*Problem to solve*.
When copying the data below, keep only the lines from the one with "DOSE TAUREAU MINGER" through the one with "Rama de Tweedia Oxypetalum 68cm Lila", word for word, and skip the pictures.

*Material shown*.
§ §

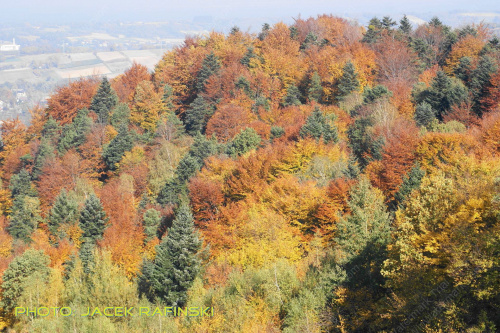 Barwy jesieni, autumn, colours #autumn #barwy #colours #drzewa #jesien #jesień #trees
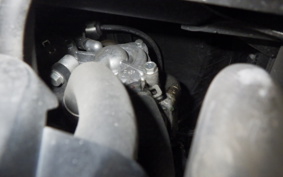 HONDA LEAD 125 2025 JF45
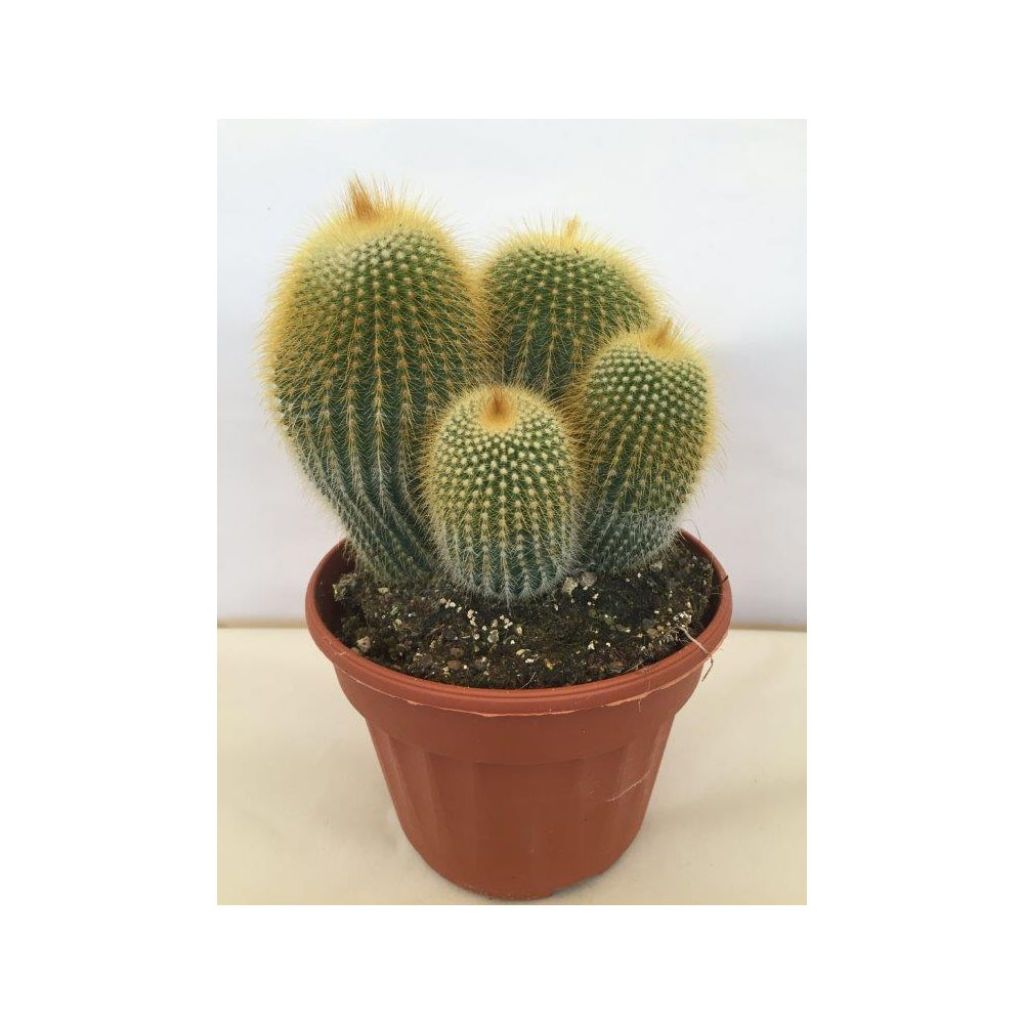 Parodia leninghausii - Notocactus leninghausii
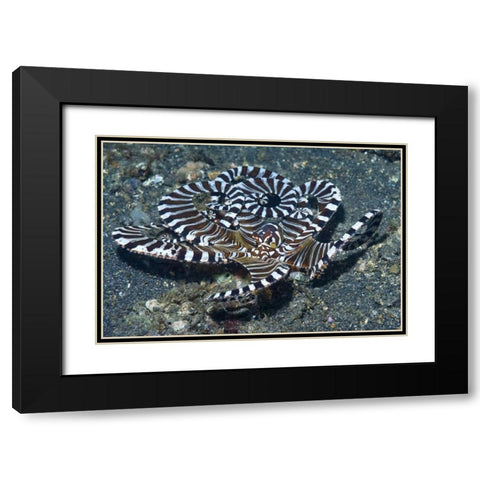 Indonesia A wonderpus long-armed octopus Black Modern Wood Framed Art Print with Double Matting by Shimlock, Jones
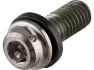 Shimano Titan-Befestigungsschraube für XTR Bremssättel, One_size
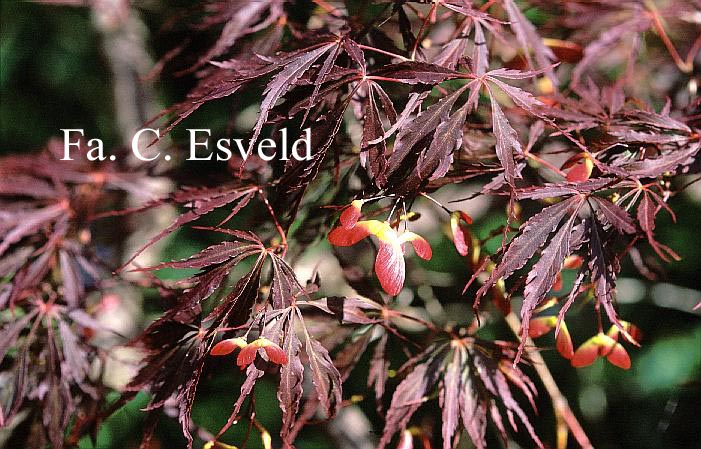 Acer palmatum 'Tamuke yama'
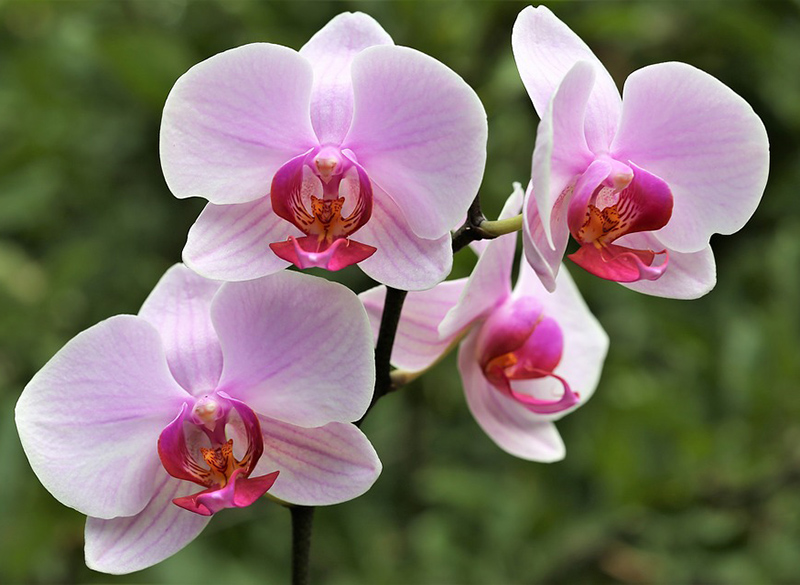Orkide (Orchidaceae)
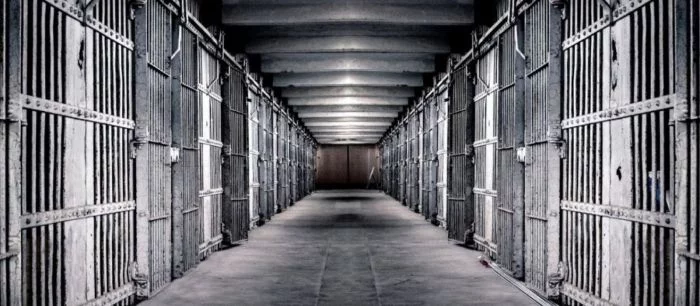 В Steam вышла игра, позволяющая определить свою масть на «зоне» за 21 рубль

§ §

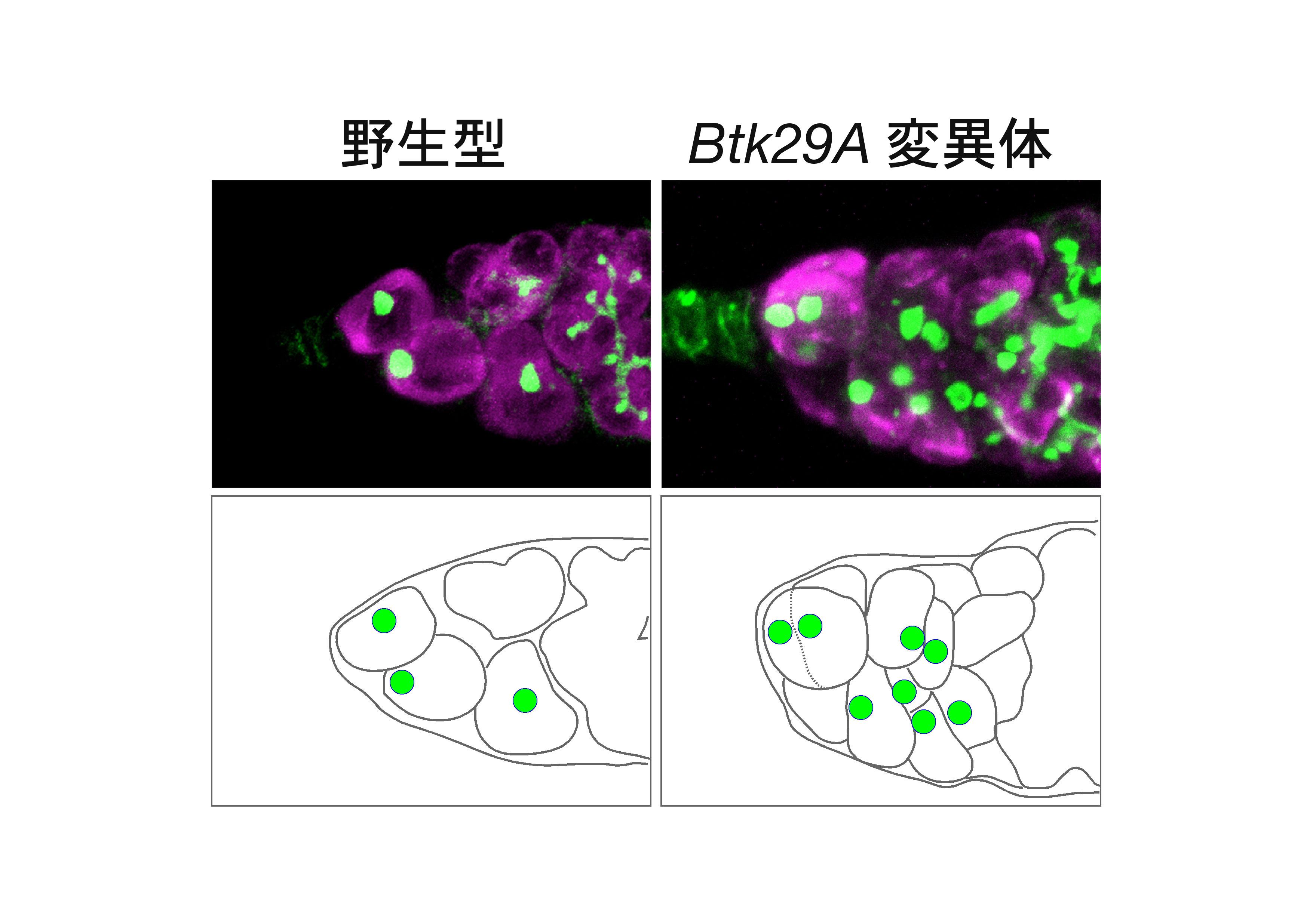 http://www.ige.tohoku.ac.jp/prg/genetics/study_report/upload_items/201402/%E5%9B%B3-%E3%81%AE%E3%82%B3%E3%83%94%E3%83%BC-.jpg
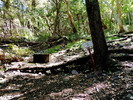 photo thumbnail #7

§ §

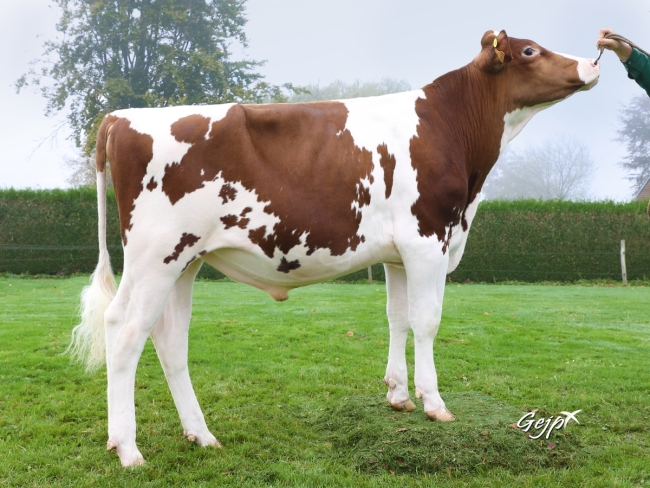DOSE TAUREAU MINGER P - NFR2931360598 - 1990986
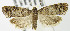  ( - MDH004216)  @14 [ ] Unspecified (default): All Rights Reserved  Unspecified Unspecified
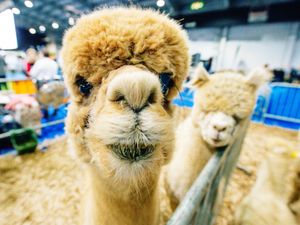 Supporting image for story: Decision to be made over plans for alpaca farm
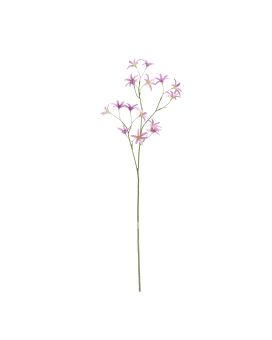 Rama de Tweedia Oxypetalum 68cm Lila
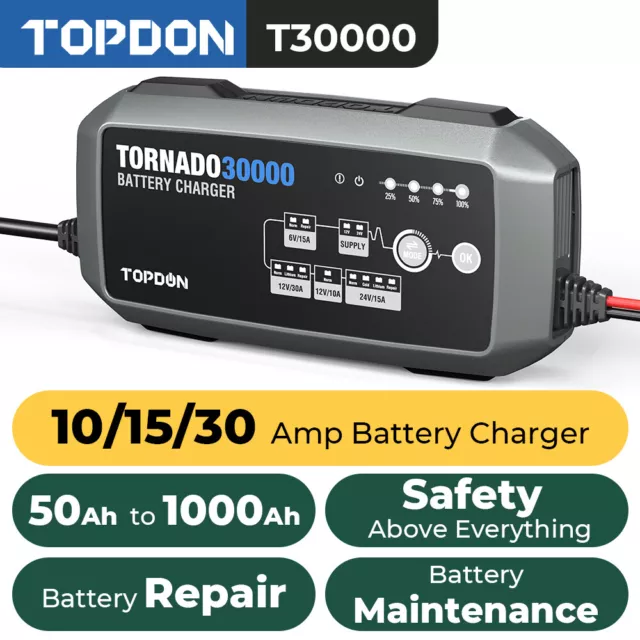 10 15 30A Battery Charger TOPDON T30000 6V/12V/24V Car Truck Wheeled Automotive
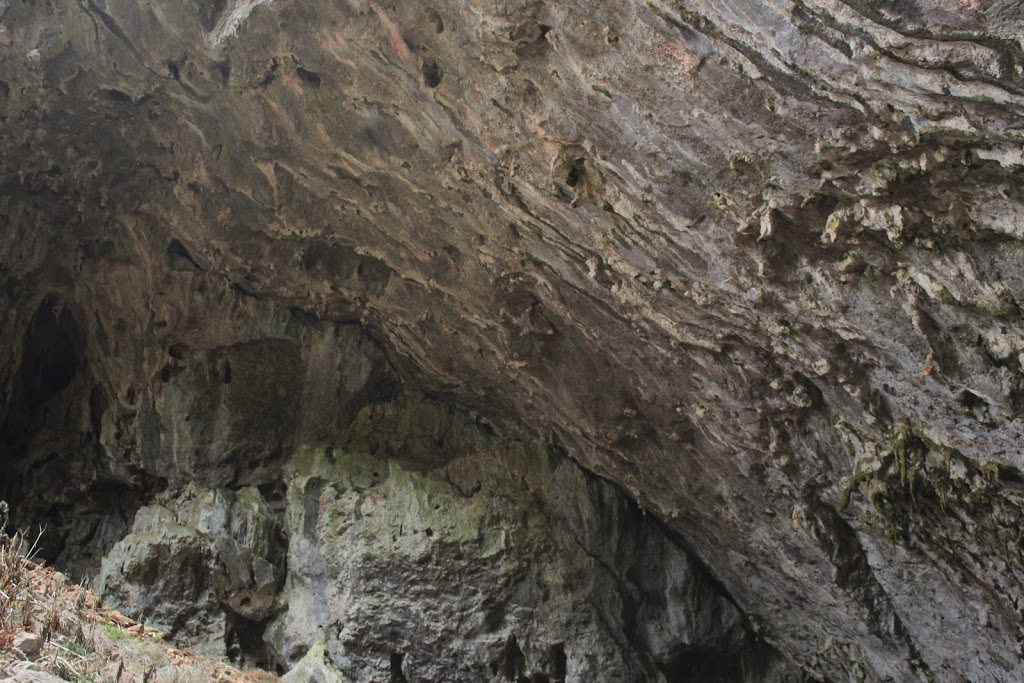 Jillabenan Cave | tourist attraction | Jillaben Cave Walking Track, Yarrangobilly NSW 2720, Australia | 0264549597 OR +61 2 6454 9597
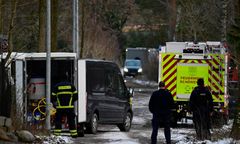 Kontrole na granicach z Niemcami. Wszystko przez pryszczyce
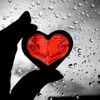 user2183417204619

§ §

*Response to the task*.
DOSE TAUREAU MINGER P - NFR2931360598 - 1990986
  ( - MDH004216)  @14 [ ] Unspecified (default): All Rights Reserved  Unspecified Unspecified
 Supporting image for story: Decision to be made over plans for alpaca farm
 Rama de Tweedia Oxypetalum 68cm Lila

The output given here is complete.